Here's some video.......


----------



## gmcunni (May 2, 2011)

nice! i drive by that place 2 or 3 times a week. i really need to get back out there.


----------



## bvibert (May 2, 2011)

Gee, I can hardly wait to ride with you again.  My legs and lungs are no where near "turning the corner"...

Looks like a fun time though!  The water crossing at 0:52 looks familiar, is that the one that got me when we were there a few weeks ago?


----------



## BackLoafRiver (May 3, 2011)

Nice video as always!! Thanks for putting it up.  The water crossing looked cool. Was the stuff around 3:17ish as narrow as it looked?!


----------



## WoodCore (May 3, 2011)

bvibert said:


> The water crossing at 0:52 looks familiar, is that the one that got me when we were there a few weeks ago?




Yup that's the same stream crossing, water was a little lower this time though and a bit warmer. 




> Was the stuff around 3:17ish as narrow as it looked?!



Sure is!

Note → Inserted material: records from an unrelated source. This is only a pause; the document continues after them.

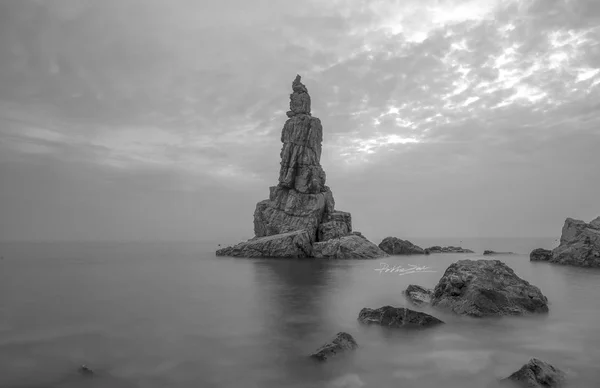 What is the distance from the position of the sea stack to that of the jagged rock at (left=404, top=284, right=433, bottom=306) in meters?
33.1

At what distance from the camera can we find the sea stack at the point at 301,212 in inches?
2231

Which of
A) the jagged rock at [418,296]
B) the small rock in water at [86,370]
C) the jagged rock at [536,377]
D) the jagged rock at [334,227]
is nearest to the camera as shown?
the jagged rock at [536,377]

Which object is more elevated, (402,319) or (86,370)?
(402,319)

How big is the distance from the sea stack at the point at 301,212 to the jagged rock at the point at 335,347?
4365 cm

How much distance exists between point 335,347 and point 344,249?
44745 millimetres

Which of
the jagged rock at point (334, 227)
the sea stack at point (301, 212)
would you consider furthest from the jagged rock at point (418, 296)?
the jagged rock at point (334, 227)

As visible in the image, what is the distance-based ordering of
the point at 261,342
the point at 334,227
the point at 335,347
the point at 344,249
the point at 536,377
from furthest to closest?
the point at 334,227 → the point at 344,249 → the point at 261,342 → the point at 335,347 → the point at 536,377

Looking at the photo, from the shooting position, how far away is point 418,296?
21.0 meters

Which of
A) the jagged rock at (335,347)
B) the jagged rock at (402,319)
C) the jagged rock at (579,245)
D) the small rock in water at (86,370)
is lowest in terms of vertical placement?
the small rock in water at (86,370)

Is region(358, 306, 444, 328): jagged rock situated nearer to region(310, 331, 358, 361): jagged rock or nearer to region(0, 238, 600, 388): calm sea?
region(0, 238, 600, 388): calm sea

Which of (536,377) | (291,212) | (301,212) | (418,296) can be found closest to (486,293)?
(418,296)

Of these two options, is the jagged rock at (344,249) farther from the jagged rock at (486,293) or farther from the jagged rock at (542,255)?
the jagged rock at (486,293)

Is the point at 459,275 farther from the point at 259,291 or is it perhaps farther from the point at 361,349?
the point at 259,291

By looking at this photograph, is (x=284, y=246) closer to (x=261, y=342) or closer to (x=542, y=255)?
(x=542, y=255) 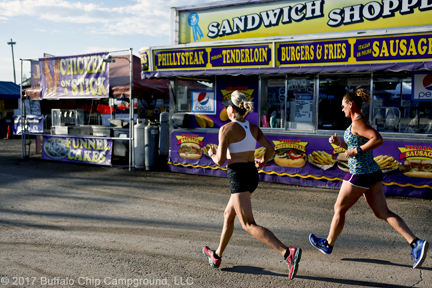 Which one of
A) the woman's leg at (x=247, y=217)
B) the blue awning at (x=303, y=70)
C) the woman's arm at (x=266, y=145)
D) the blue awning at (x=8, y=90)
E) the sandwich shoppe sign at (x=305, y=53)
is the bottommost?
the woman's leg at (x=247, y=217)

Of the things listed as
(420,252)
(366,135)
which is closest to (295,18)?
(366,135)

That section of trail is called the Bat Cave, it's a narrow slot between two rock walls formed by water. It's cool riding down through it but pretty technical so your really not paying attention to anything other than the trail ahead.


----------



## Grassi21 (May 3, 2011)

BackLoafRiver said:


> Nice video as always!! Thanks for putting it up.  The water crossing looked cool. Was the stuff around 3:17ish as narrow as it looked?!



Damn that is a narrow.....


----------